▸ **What to work on**
Your answer is the line containing "PORSCHE Cayman usata, con Bluetooth" plus every line after it through the end of the records, printed exactly and free of pictures.

[Crawled caption data]
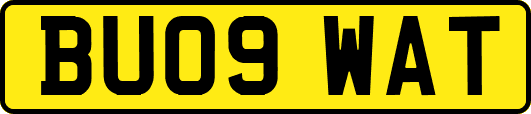 BU09WAT
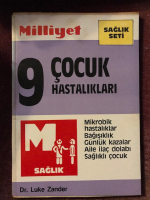 MİLLİYET SAGLIK SETİ COCUK HASTALIKLARI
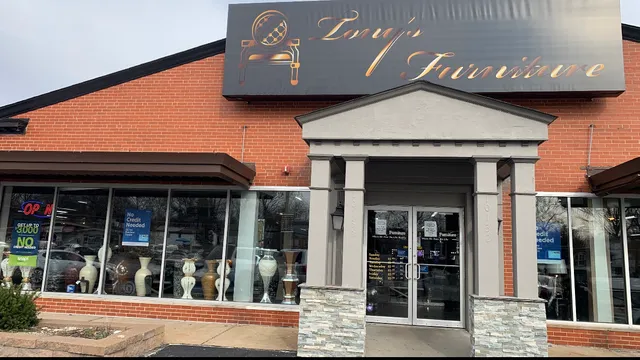 Tony's Furniture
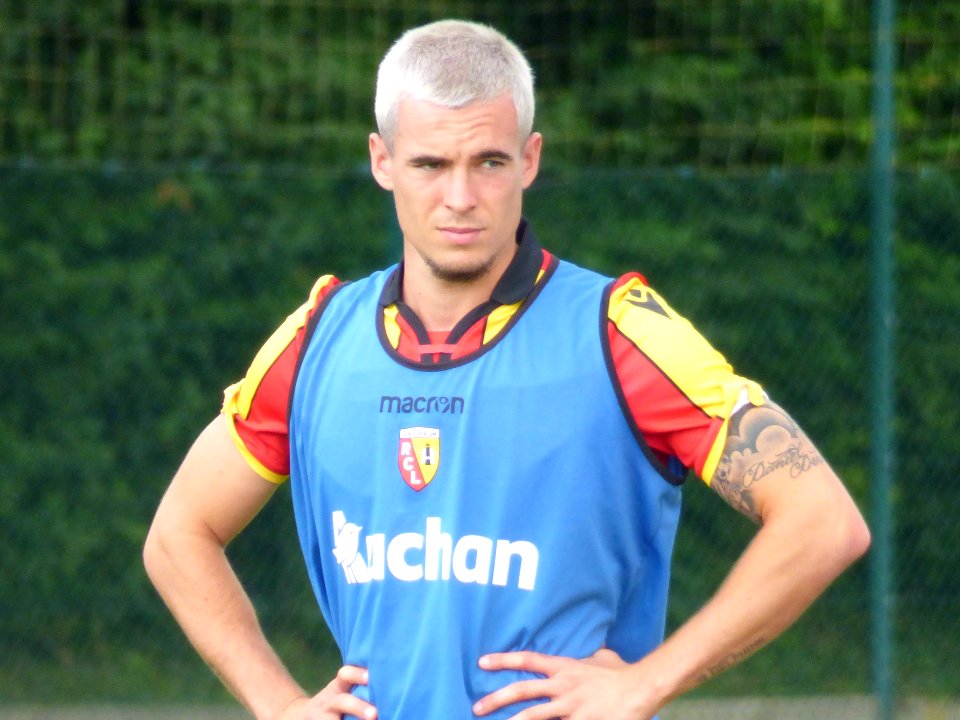 Entraînement du RC Lens - 15 juillet 2020 6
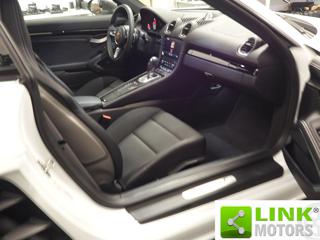 PORSCHE Cayman usata, con Bluetooth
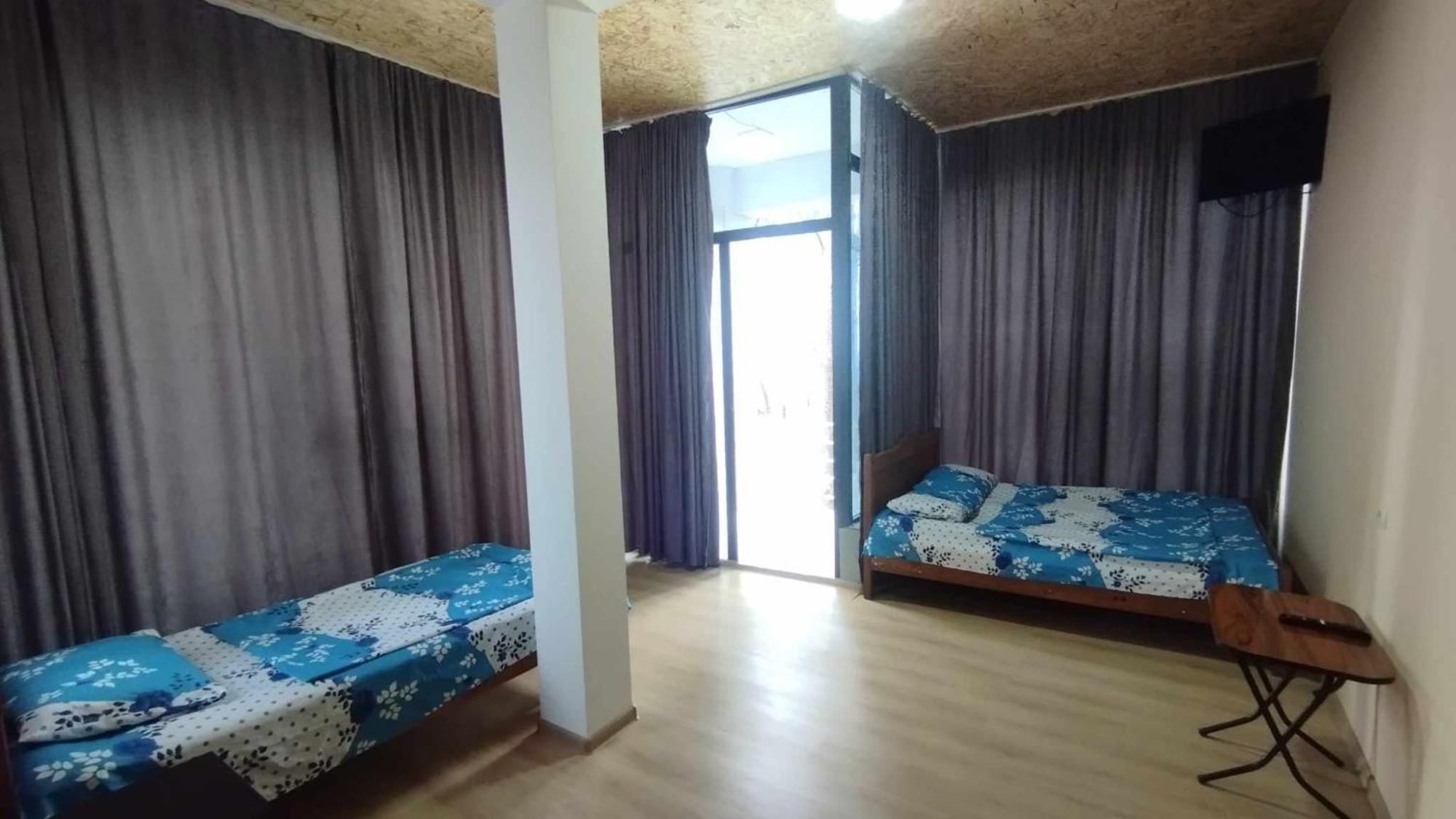 New Wave1 Hotel Grigoleti Bagian luar foto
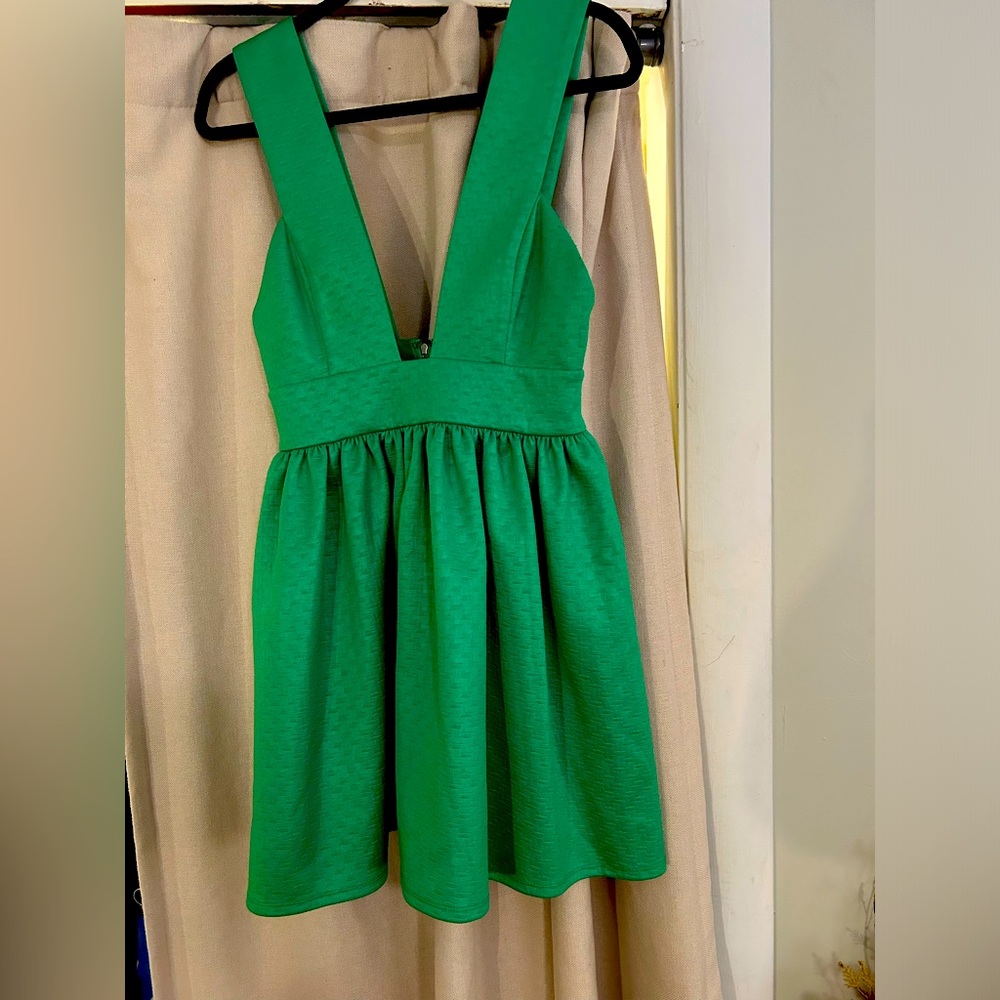 Nasty gal dress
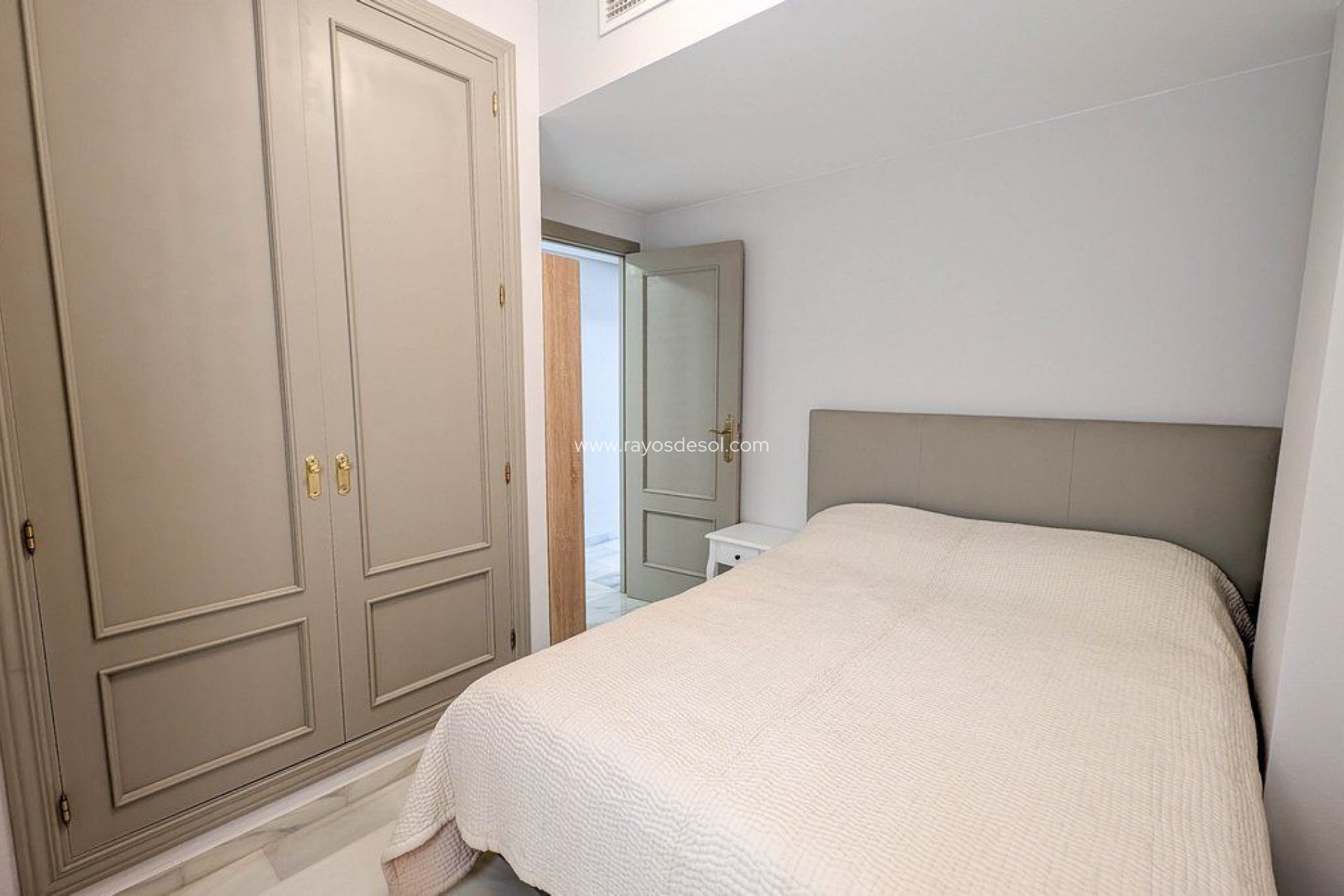 Herverkoop - Appartement - Calpe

▸ **Solved problem**
 PORSCHE Cayman usata, con Bluetooth
 New Wave1 Hotel Grigoleti Bagian luar foto
 Nasty gal dress
 Herverkoop - Appartement - Calpe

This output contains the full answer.